Trusts could be enormously helpful
Sara Maccallum, senior partner at Boodle Hatfield, says that in the aftermath of the Brexit vote, trusts could be very helpful for UHNWIs who settle assets before becoming deemed domiciled, as they are at present for IHT purposes.
Should UK residential property owners wind up holding structures now or hope for the relief that was hinted at in the last budget?
This is a surprisingly difficult question. On the one hand if the relief does materialise then clients who have wound up structures before may understandably feel aggrieved if this proved more expensive than if they had just waited. On the other hand we have no guarantees that any relief will materialise and April 2017 is rapidly approaching. The best course for clients is to get advice now about whether winding up is advisable for them and if so what the tax consequences of doing so now would be, so that they are in a position to judge whether any reliefs are likely to enhance their position. If they are, they may do better to hang on.
Could Brexit lead to lower corporation tax rates in the UK?

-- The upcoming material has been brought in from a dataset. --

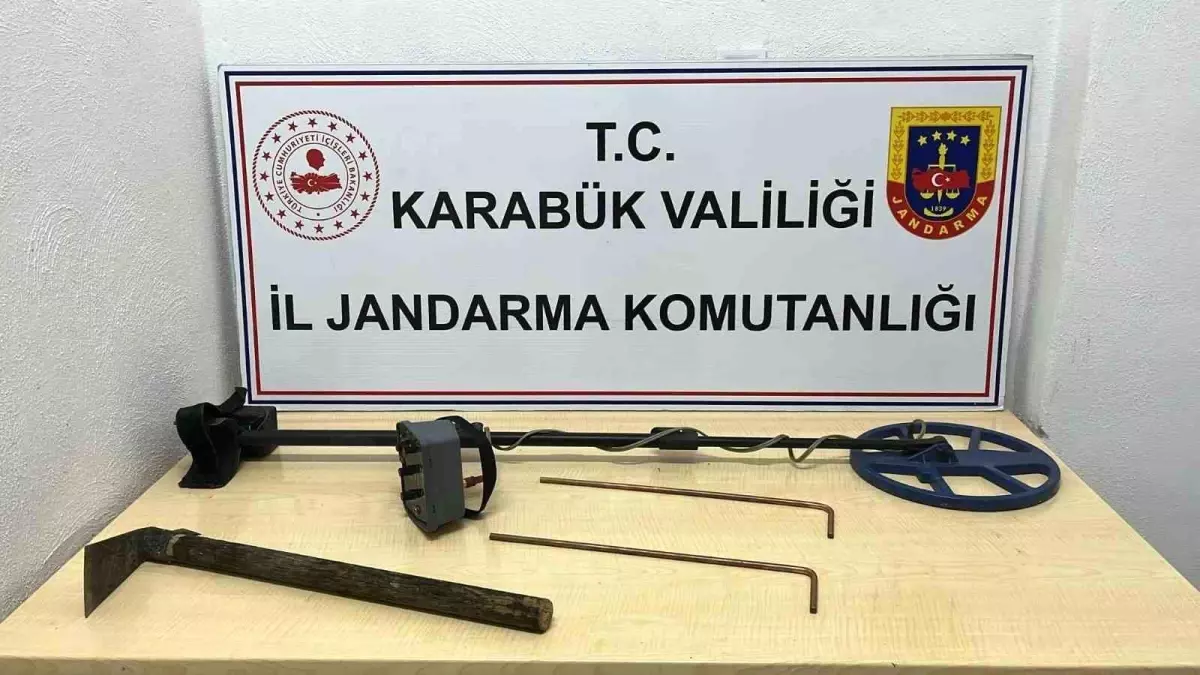 Safranbolu\'da Define Arayan 5 Kişi Yakalandı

I am not sure about that. The rate of UK corporation tax is directly under the UK government’s control, so I suspect this will depend more on the economic outlook and strategy. The current uncertainty is helping no one and it would be better to have a timetable and a plan.

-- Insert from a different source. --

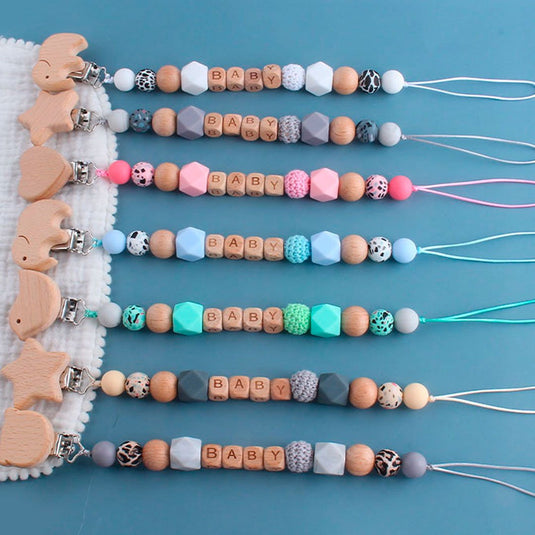 Portachupas con detalles en madera tallada para bebé, con figura de adorno en el gancho, cadena libre de BPA para chupete, soporte en clip para la ropa - Only Baby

Will we see non-dom UHNW individuals leaving the UK?
The new rules are coming in from April 2017 and that does seem to be set in stone, assuming there is not a dramatic change of Government. When exactly we will see the next version of the rules does seem to depend on the referendum outcome. Draft legislation is expected to be published in December 2016 with the other draft legislation for inclusion in the Finance Bill 2017. There are already rumours that some non-doms are leaving although we are not necessarily seeing that. I suspect that going forward more individuals will seek to modify their stays in the UK so that whilst still spending a significant amount of time here they are not actually UK tax resident. Trusts could be enormously helpful for those who settle assets before becoming deemed domiciled, as they are at present for IHT purposes.

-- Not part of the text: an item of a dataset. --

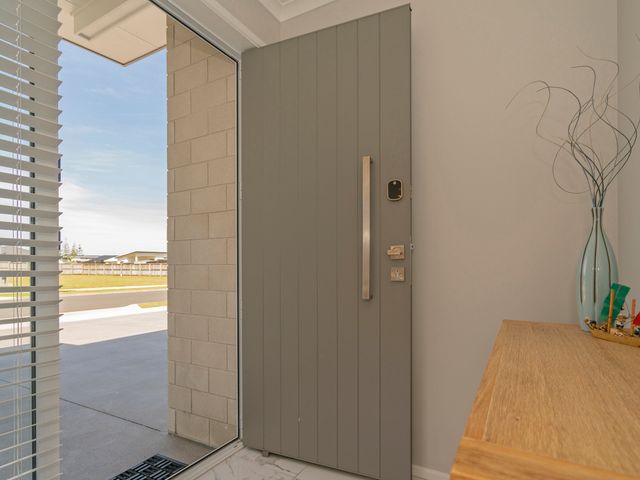 Modern Beach Pad - Whitianga Holiday Home - 1031562 - photo 4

Where are we now with the new carried interest rules?
These rules were introduced in the second Finance Act of 2015 following the summer budget. More measures are now in the Finance Act 2016, concerning the tax treatment of performance-linked rewards of fund managers. The aim is broadly to ensure that bonuses paid to fund managers are taxed to income tax not to CGT as carried interest which should be limited to investment activities of the fund. The government also confirmed at the March budget that carried interest will be taxed at the higher of the CGT rates, twenty-eight percent or twenty percent, alongside residential property.
What trends do you see?
Increasing globalisation and increasing emphasis on tax transparency and international measures to combat tax evasion and perceived tax abuses, particularly in light of the Panama papers. This year has seen increasing taxation on residential property, particularly investment properties, and this is set to continue with the proposed reforms to UK residential property owned through offshore structures.